Given a grid of land heights. For example:
start
6 5 4 5 5
4 2 5 1 1
5 5 2 1 5
2 3 2 4 4
5 4 5 5 6
end
The upper-left corner is the start cell, and the bottom-right corner is the end cell. You may assume that the start and end cells are of equal height and are the highest points in the grid.
Initially, the water level is 0. Due to global warming, the water level increases by 1 every year. A cell is flooded if the water level is greater than or equal to its height.
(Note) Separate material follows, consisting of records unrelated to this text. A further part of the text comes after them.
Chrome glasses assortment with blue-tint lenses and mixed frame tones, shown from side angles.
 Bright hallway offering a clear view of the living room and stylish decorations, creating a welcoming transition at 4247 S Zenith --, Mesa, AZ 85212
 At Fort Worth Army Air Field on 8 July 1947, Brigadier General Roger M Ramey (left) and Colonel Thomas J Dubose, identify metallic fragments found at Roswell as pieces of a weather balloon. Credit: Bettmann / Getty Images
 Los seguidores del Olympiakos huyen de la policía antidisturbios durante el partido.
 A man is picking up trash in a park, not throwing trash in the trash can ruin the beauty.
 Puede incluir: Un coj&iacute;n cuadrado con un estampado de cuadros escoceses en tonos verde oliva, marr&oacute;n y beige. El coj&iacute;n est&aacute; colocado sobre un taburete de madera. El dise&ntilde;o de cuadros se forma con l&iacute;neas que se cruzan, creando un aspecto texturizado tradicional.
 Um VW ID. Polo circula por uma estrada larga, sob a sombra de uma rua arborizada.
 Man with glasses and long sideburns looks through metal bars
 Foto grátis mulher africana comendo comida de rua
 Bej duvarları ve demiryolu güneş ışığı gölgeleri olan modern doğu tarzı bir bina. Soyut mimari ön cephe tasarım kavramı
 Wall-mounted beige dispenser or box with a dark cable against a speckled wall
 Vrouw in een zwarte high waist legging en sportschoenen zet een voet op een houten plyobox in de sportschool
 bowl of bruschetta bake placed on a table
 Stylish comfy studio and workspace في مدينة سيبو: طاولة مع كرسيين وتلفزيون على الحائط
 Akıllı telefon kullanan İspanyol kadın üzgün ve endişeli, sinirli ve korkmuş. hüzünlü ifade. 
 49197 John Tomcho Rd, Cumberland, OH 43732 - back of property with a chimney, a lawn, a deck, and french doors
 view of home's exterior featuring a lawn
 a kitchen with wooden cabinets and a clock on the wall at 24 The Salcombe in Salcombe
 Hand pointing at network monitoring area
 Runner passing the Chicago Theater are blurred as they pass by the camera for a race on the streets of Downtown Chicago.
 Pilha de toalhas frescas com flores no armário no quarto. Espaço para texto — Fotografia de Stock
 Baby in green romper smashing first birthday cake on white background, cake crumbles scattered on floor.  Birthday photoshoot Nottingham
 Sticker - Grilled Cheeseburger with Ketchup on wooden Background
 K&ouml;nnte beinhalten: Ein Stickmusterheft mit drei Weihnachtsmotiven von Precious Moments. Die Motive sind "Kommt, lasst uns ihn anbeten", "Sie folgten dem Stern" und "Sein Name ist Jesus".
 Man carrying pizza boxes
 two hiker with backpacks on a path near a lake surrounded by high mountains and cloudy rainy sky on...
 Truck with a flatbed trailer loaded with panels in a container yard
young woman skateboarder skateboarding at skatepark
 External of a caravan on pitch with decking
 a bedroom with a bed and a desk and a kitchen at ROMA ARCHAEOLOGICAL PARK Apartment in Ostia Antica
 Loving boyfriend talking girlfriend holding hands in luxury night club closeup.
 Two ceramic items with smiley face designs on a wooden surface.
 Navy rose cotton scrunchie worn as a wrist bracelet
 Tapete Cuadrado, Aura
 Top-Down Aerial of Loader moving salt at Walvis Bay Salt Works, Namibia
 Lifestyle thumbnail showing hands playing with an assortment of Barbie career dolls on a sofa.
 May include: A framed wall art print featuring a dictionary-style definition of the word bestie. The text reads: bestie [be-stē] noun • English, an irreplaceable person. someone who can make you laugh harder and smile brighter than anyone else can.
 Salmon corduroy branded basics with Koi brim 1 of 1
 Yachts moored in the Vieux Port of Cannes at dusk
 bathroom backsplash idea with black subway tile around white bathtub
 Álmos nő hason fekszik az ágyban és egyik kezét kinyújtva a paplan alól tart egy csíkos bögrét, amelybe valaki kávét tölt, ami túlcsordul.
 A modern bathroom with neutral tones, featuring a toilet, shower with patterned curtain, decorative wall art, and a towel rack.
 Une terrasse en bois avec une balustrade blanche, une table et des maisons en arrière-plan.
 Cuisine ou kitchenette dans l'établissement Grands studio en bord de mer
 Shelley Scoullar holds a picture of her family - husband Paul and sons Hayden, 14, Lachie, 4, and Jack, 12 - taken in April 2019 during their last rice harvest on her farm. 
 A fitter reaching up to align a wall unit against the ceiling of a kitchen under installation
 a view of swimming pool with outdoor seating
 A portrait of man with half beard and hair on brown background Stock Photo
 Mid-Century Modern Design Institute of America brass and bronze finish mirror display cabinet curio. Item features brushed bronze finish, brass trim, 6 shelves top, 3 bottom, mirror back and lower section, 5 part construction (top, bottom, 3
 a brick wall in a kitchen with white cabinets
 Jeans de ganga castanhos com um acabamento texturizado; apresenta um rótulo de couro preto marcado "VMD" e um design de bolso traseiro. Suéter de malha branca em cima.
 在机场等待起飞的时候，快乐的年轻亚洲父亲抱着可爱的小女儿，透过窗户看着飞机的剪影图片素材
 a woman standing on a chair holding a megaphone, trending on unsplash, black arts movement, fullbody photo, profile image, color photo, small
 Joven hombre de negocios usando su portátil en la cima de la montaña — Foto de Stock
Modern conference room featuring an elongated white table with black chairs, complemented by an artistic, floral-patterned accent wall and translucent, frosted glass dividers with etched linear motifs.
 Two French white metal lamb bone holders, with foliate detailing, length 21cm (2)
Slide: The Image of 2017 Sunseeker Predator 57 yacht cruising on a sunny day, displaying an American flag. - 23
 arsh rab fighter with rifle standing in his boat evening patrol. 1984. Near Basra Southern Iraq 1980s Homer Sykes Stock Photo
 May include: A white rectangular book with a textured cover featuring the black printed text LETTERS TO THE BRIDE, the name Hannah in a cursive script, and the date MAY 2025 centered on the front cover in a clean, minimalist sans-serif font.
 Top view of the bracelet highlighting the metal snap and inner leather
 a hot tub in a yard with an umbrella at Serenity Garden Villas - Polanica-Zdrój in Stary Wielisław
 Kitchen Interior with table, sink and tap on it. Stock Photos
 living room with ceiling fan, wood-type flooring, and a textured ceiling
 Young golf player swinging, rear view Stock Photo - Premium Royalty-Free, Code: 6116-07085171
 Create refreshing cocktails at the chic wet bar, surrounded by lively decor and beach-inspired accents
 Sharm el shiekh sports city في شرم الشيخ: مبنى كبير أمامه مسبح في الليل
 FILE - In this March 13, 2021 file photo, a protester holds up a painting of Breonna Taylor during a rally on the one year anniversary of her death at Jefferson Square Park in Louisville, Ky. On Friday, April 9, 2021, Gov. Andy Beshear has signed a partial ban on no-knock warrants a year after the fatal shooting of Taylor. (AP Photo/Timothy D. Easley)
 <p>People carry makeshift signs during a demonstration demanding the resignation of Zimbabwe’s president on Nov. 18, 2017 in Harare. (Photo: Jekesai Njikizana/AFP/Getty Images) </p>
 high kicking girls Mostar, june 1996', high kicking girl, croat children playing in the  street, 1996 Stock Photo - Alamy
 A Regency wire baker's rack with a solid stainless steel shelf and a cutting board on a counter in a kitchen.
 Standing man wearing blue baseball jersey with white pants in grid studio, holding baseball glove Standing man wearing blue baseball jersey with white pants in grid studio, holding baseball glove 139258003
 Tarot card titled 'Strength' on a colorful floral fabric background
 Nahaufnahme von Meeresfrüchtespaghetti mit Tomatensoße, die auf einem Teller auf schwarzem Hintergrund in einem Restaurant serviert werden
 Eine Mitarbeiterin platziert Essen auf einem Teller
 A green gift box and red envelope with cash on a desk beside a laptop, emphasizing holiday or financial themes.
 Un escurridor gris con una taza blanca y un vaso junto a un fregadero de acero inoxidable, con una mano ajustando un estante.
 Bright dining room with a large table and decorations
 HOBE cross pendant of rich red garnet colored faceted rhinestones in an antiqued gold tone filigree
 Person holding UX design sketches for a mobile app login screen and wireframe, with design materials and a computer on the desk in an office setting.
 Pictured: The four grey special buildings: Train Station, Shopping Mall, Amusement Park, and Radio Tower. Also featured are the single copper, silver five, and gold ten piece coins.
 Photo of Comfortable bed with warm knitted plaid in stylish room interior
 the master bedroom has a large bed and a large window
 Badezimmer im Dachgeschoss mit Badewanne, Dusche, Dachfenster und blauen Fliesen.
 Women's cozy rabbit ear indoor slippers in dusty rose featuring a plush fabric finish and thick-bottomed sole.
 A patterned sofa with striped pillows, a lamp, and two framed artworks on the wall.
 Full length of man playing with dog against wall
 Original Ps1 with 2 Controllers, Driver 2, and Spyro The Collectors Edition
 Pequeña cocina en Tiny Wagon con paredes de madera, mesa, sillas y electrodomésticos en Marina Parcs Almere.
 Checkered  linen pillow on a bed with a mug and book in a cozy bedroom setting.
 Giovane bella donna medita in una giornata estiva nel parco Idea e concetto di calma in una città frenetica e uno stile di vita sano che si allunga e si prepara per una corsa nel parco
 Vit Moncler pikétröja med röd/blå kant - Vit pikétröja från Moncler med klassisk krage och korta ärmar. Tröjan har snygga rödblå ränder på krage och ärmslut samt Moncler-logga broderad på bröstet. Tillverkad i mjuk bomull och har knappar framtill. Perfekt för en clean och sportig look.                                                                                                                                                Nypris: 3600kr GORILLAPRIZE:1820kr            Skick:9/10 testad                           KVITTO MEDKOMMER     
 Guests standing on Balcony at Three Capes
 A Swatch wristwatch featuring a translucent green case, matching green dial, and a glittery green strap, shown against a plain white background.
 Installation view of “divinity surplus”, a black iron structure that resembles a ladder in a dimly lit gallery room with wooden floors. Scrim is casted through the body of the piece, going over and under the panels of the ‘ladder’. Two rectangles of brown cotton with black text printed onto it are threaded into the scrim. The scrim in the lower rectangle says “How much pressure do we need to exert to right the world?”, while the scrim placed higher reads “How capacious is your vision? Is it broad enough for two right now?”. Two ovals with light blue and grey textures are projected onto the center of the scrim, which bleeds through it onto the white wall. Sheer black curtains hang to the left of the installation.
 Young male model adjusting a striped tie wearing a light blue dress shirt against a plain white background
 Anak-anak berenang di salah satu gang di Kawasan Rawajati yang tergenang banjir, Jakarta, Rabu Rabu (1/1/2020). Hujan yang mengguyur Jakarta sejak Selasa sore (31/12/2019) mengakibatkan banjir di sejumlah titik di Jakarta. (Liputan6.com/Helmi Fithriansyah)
How many years do we have before there is no longer a path from the start to the end cell?
Example:
S = start, E = end, X = flooded
In 1 year:
S....
...XX
...X.
.....
....E
In 2 years:
S....
.X.XX
..XX.
X.X..
....E
In 3 years:
S....
.X.XX
..XX.
XXX..
....E
Answer: 3
This problem asks for the latest year when a path still exists from the top-left start cell to the bottom-right end cell in a height grid as water rises by 1 each year. The core idea is to view each path by its weakest point: once the water level reaches that critical height, all paths are blocked. A practical solution is to test connectivity for a given year with BFS or DFS, then binary search the answer; alternatively, the problem can be framed as a bottleneck-path or union-find connectivity problem.